→ **TASK DESCRIPTION**:
Within the material below, locate the line with "女装店货架服装店展示架上墙天花板吊顶钢丝绳吊架童装店挂衣架子" and the line with "77 MILKWEED CRESCENT Image 22", then return those two lines and all lines between them, exactly as written.

→ **SOURCE MATERIAL**:
▼
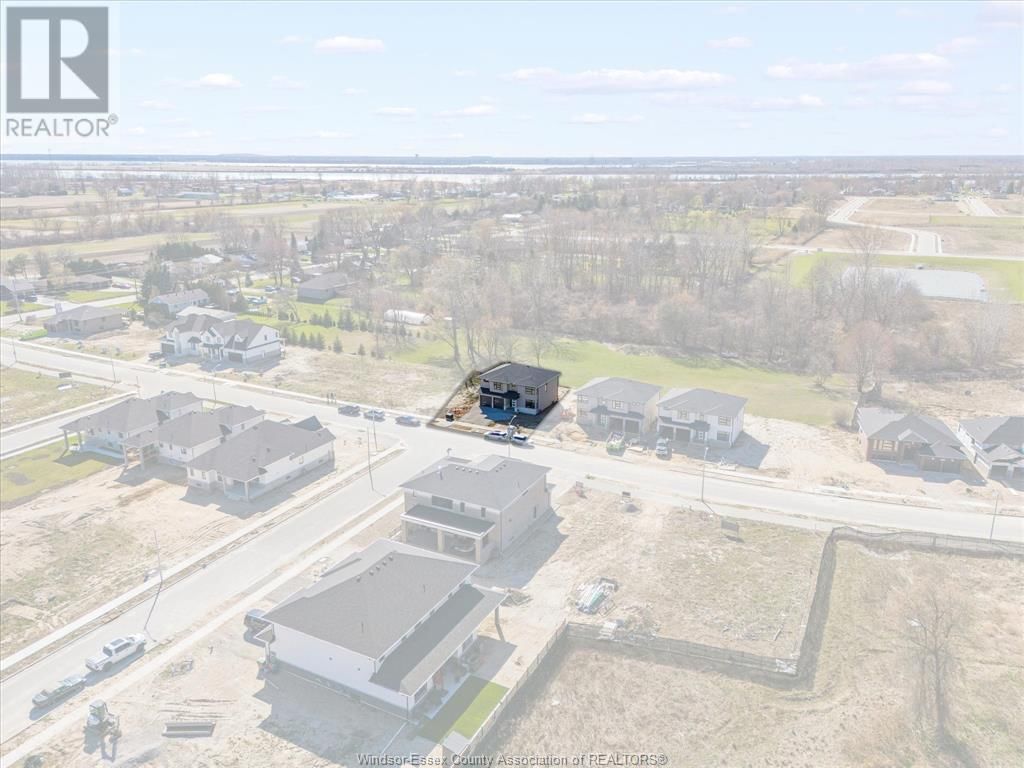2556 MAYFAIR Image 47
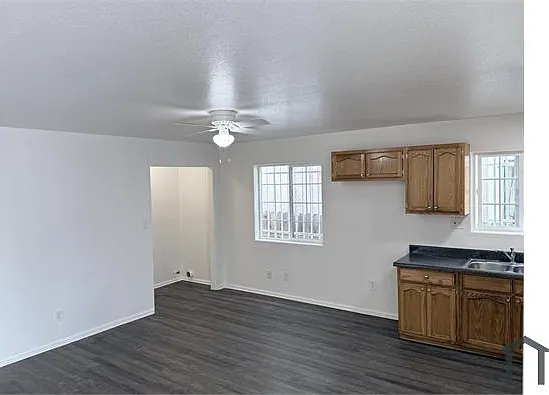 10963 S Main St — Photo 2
▲
▼
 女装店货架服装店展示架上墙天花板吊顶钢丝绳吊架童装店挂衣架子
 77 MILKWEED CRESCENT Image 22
▲
→ **TASK SOLUTION**:
 女装店货架服装店展示架上墙天花板吊顶钢丝绳吊架童装店挂衣架子
 77 MILKWEED CRESCENT Image 22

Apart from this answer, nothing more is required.